● INSTRUCTIONS FOR THE TASK
Your output should be the lines below from the one holding "Thumbnail: 2016 Nissan Rogue - 5" through the one holding "У футуристичному стилі: KIA", transcribed exactly, with no pictures.

● DATA FOR ANALYSIS
● ● ●

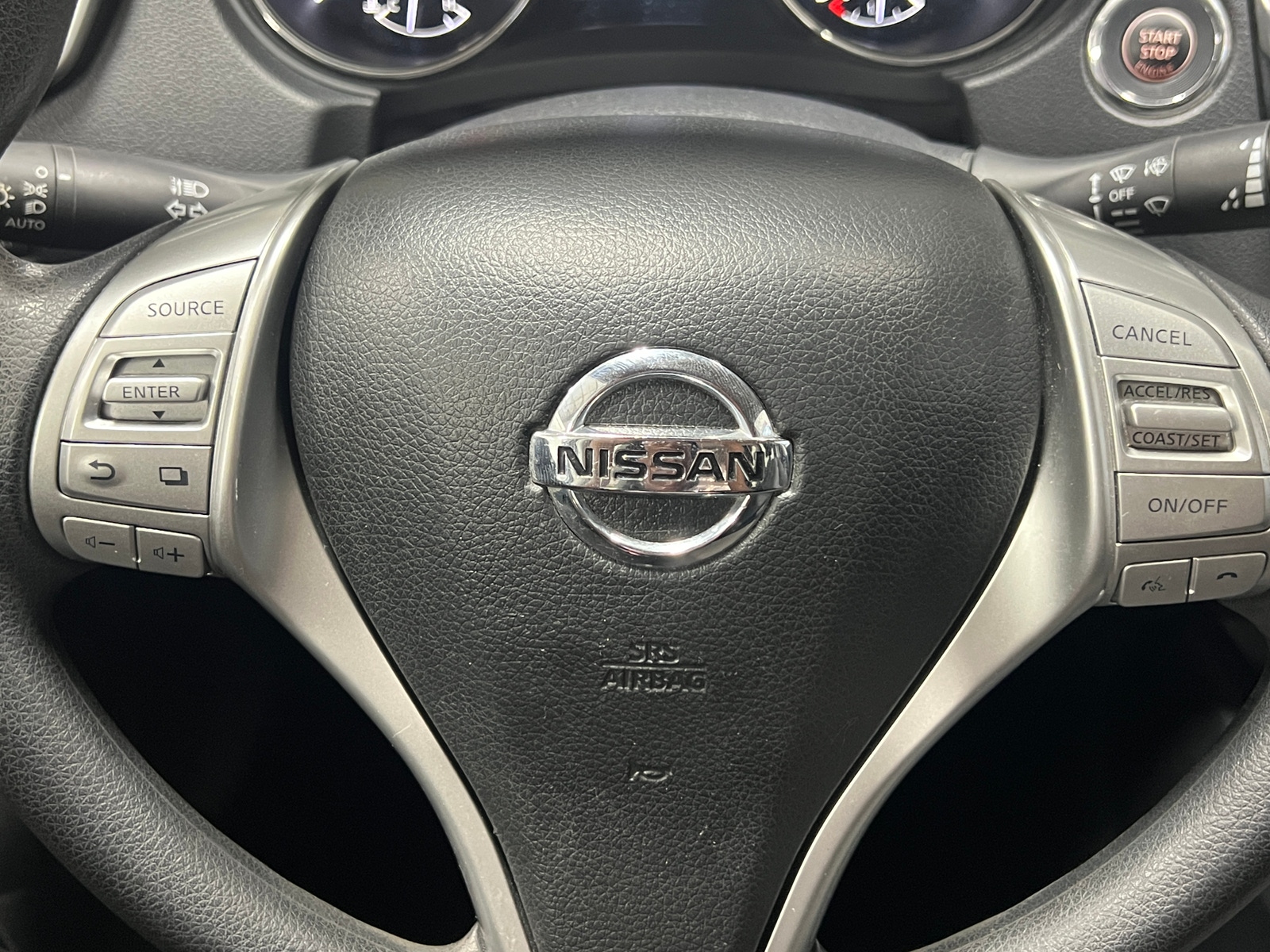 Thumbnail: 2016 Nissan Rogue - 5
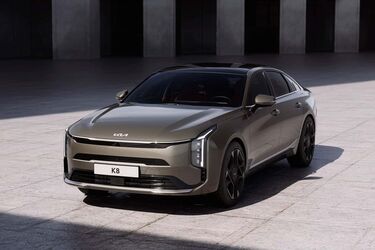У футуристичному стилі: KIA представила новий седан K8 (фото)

● ● ●

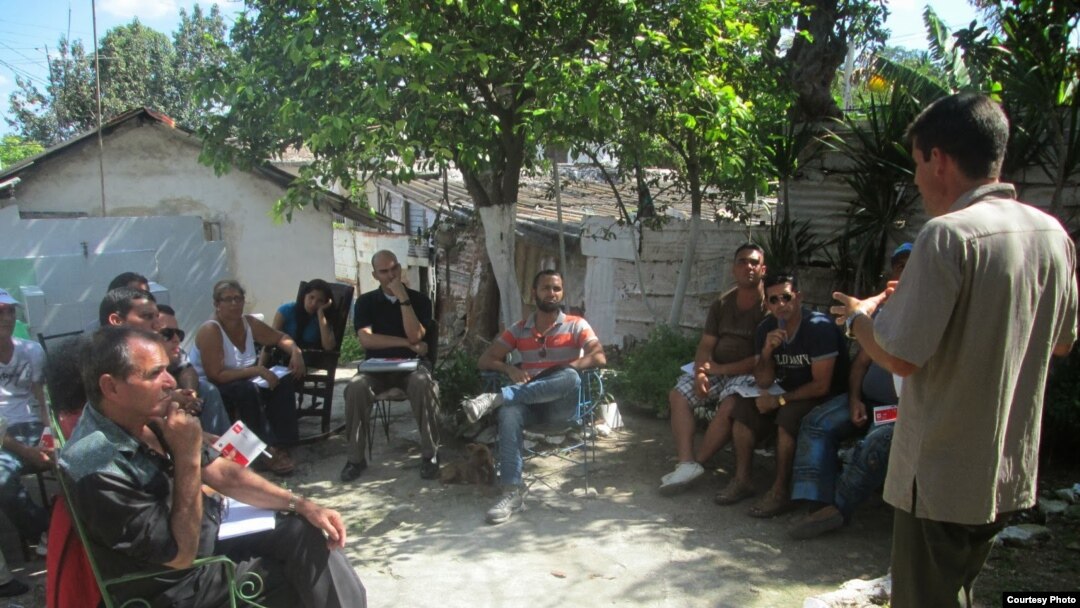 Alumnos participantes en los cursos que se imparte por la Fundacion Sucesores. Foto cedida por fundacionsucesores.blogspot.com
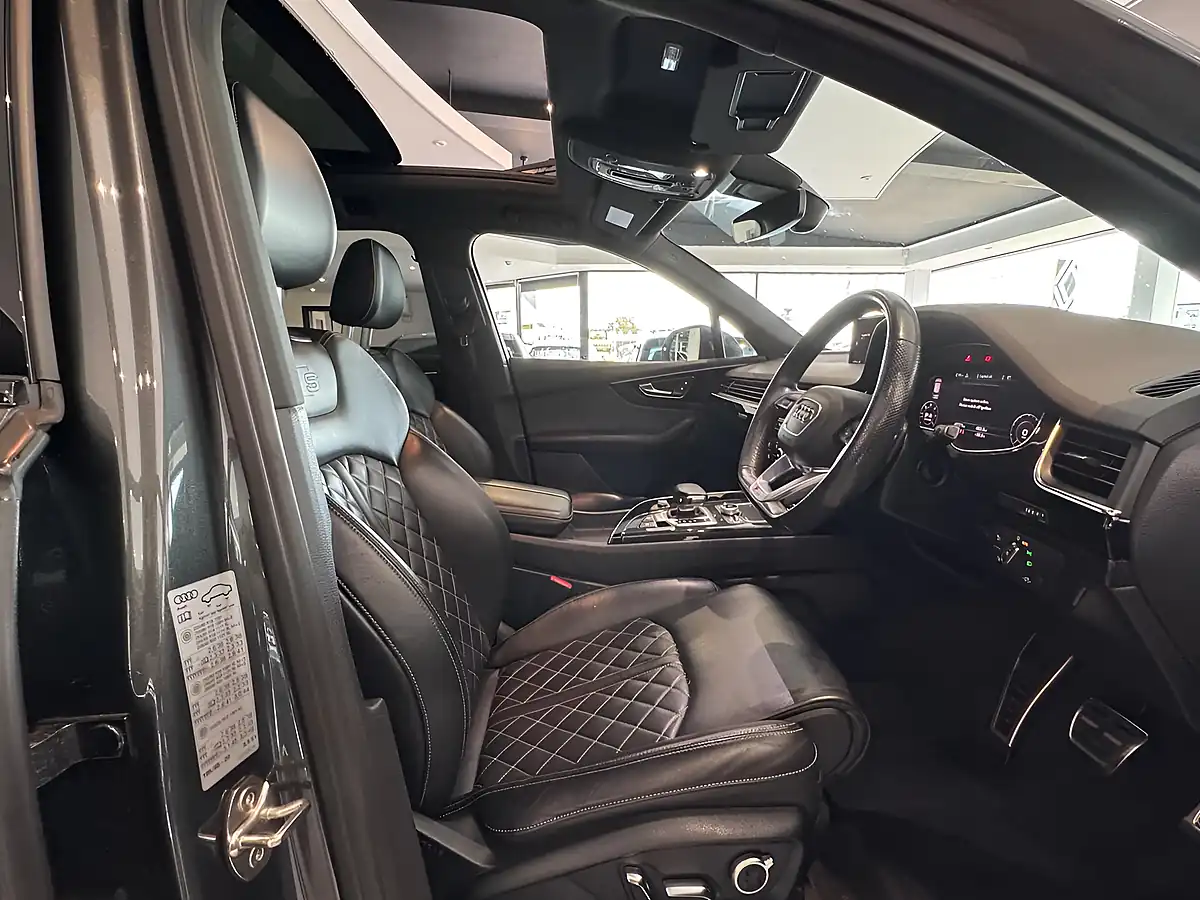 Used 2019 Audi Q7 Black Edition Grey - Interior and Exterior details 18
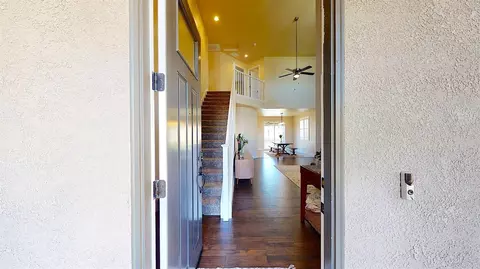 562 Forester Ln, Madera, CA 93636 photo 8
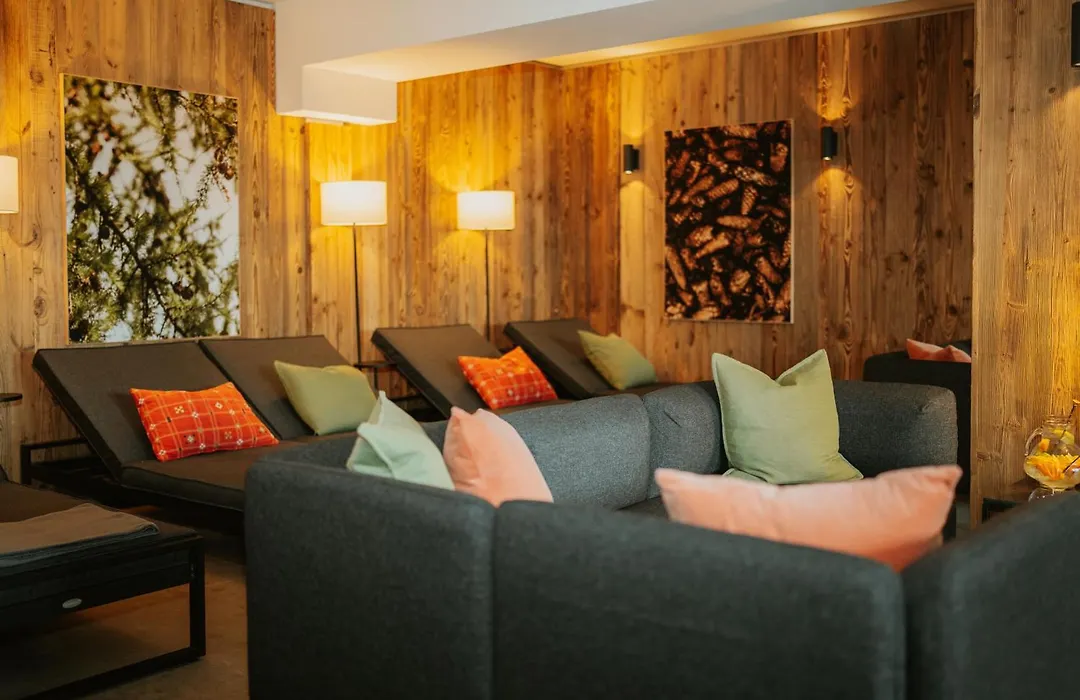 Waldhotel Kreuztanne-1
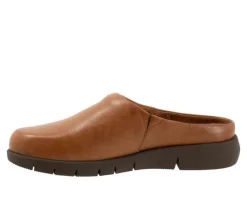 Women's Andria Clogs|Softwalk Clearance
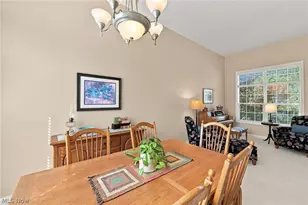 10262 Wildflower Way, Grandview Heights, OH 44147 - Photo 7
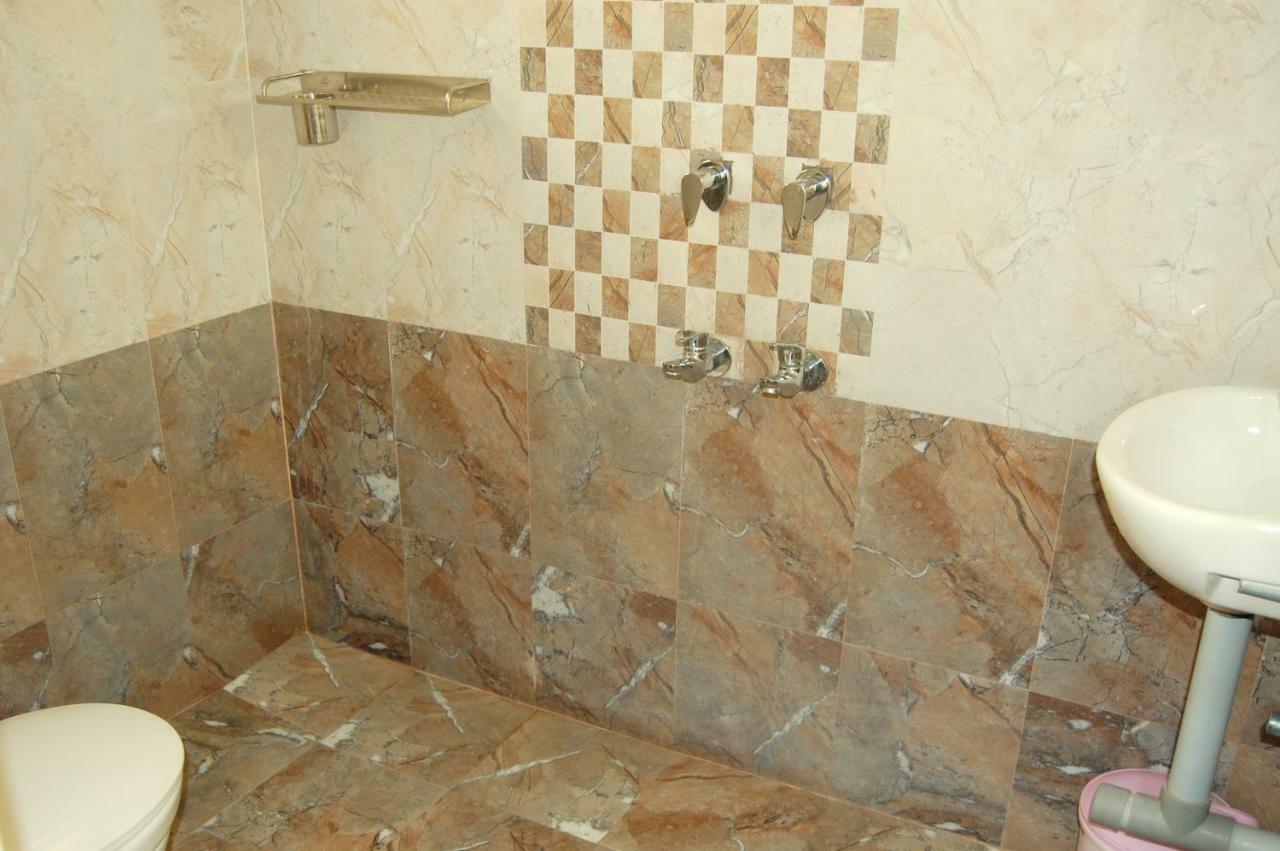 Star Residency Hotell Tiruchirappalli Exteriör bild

● ● ●

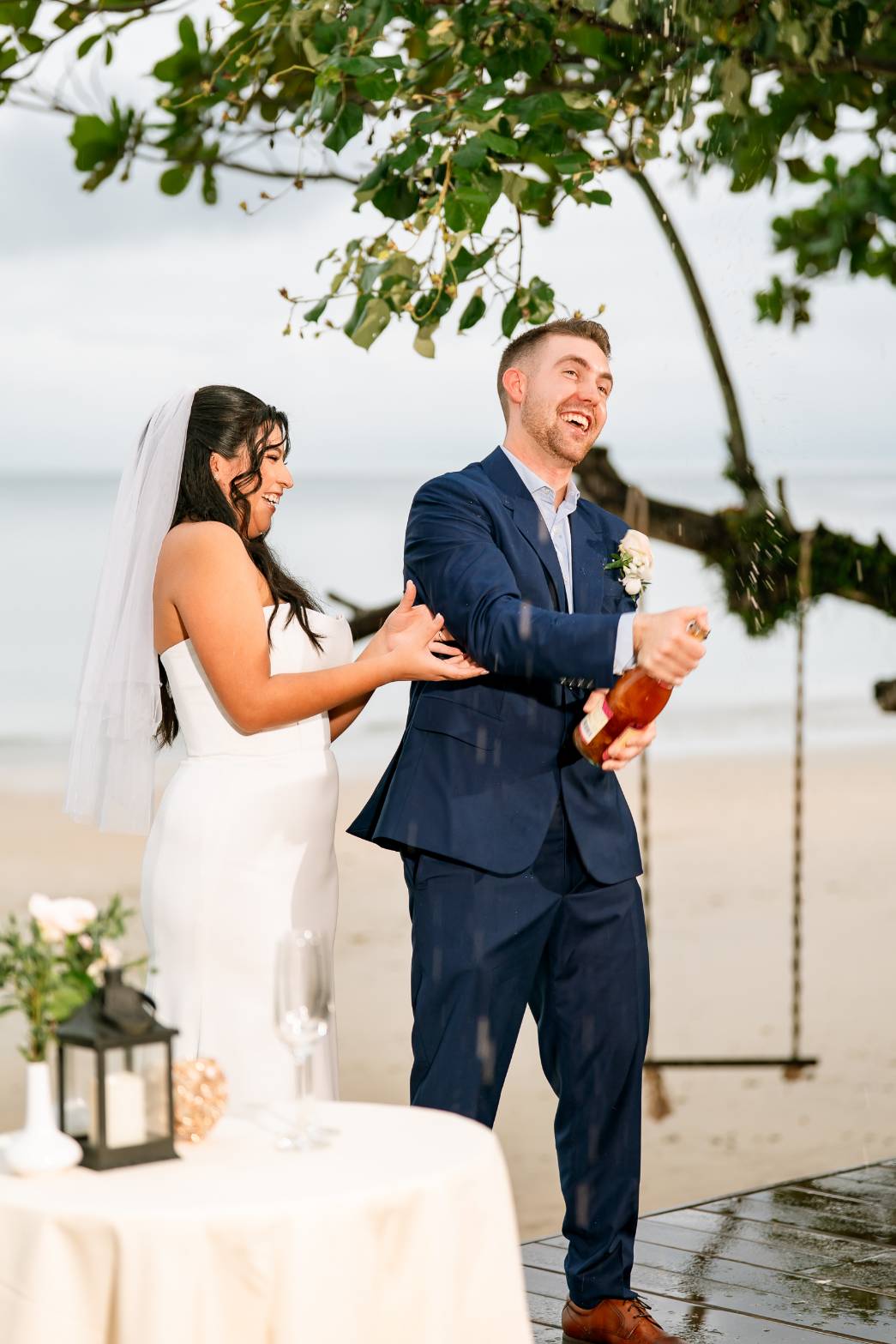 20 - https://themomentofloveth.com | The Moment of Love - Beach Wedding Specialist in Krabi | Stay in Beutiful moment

● ● ●

● TASK RESPONSE
 Thumbnail: 2016 Nissan Rogue - 5
У футуристичному стилі: KIA представила новий седан K8 (фото)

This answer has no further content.